Data to examine
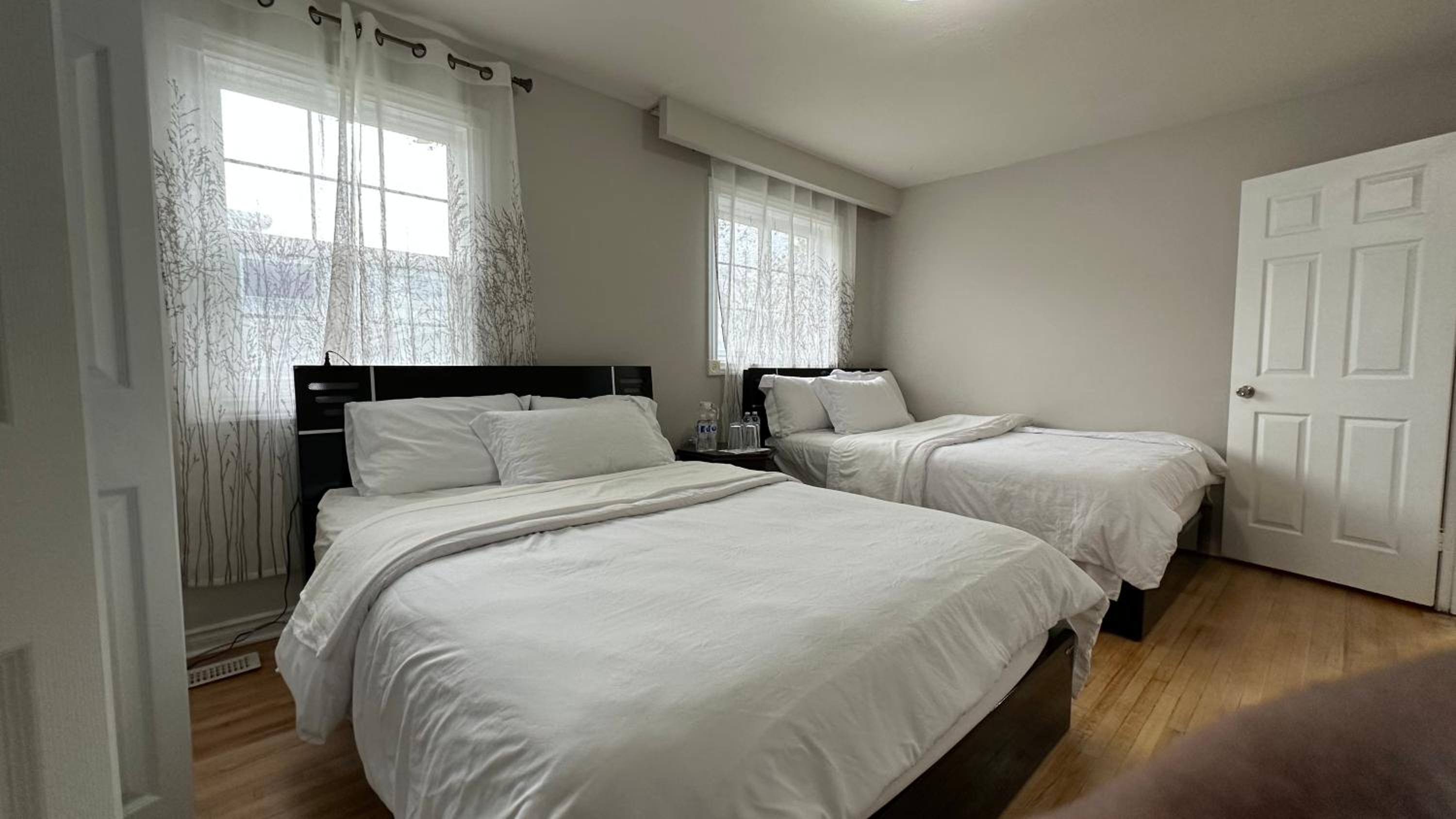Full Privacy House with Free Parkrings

* * *

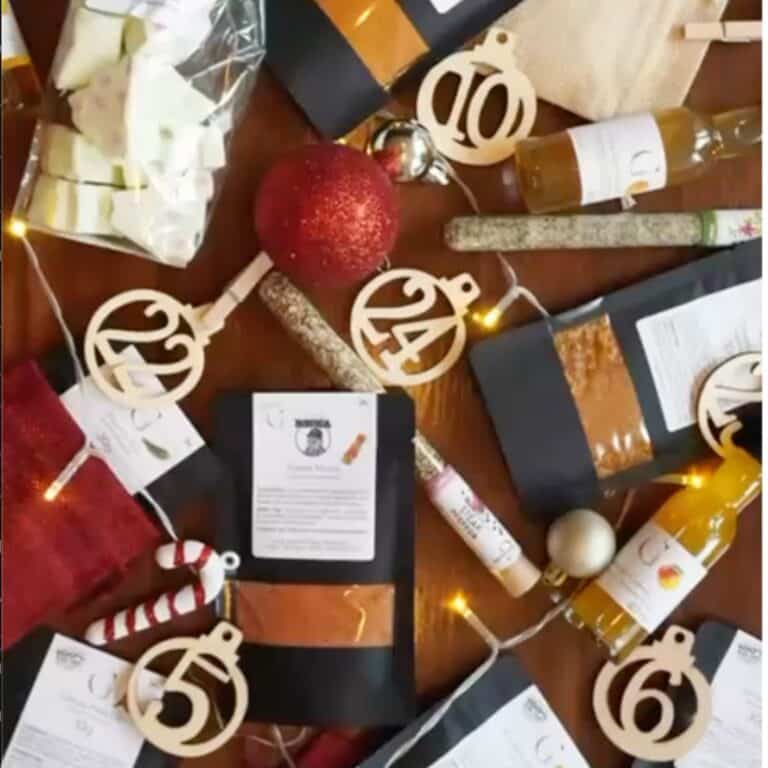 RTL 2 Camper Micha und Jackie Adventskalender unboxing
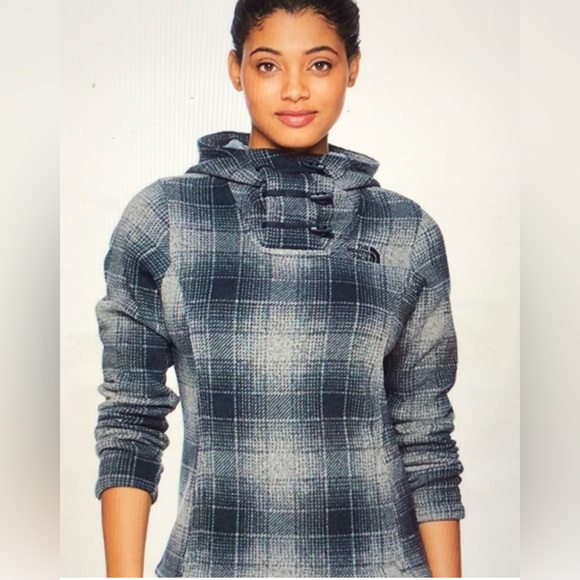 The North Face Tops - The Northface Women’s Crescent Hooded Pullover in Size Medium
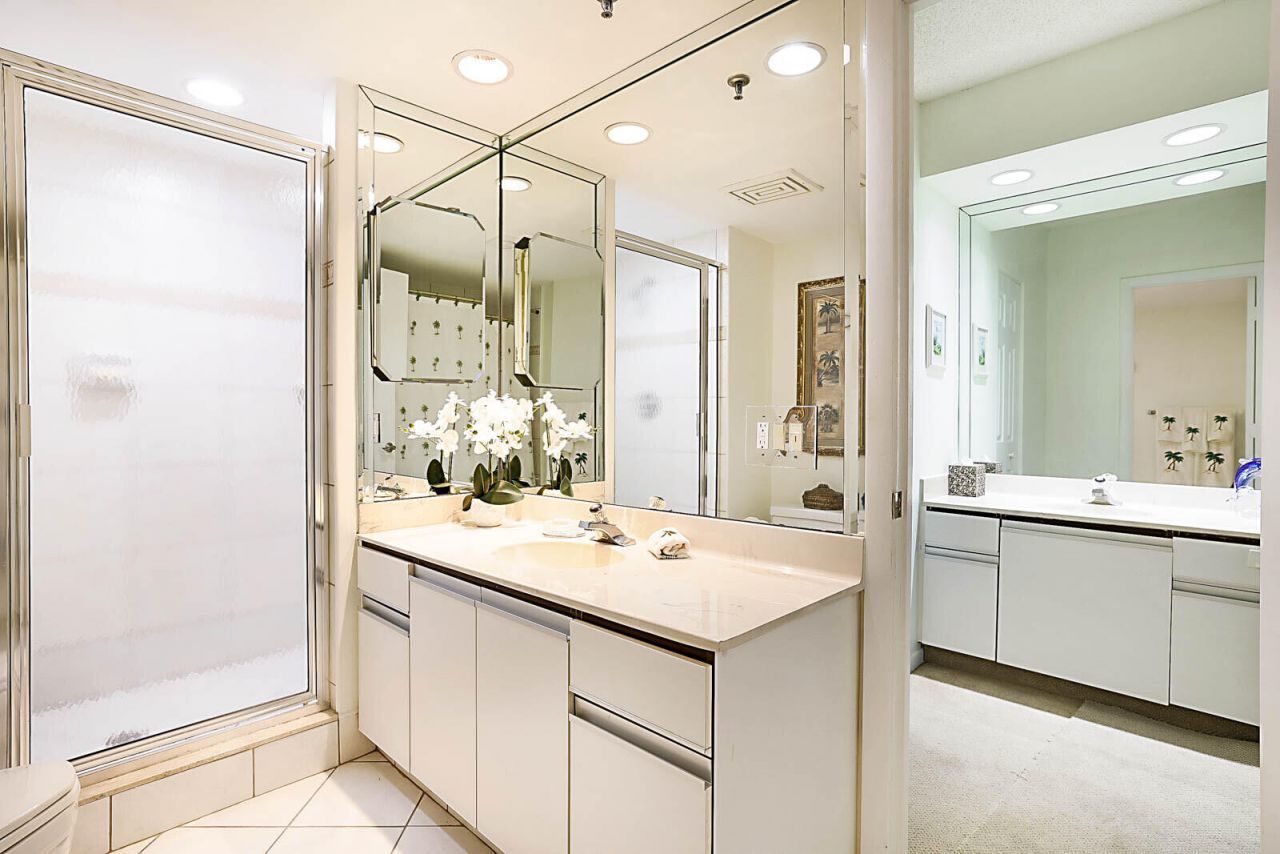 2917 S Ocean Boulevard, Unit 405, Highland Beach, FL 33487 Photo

Exercise
Nothing but the lines above, starting at the line that contains "RTL 2 Camper" and ending at the line that contains "2917 S Ocean", should be given again, exactly and without the pictures.

Answer to this exercise
 RTL 2 Camper Micha und Jackie Adventskalender unboxing
 The North Face Tops - The Northface Women’s Crescent Hooded Pullover in Size Medium
 2917 S Ocean Boulevard, Unit 405, Highland Beach, FL 33487 Photo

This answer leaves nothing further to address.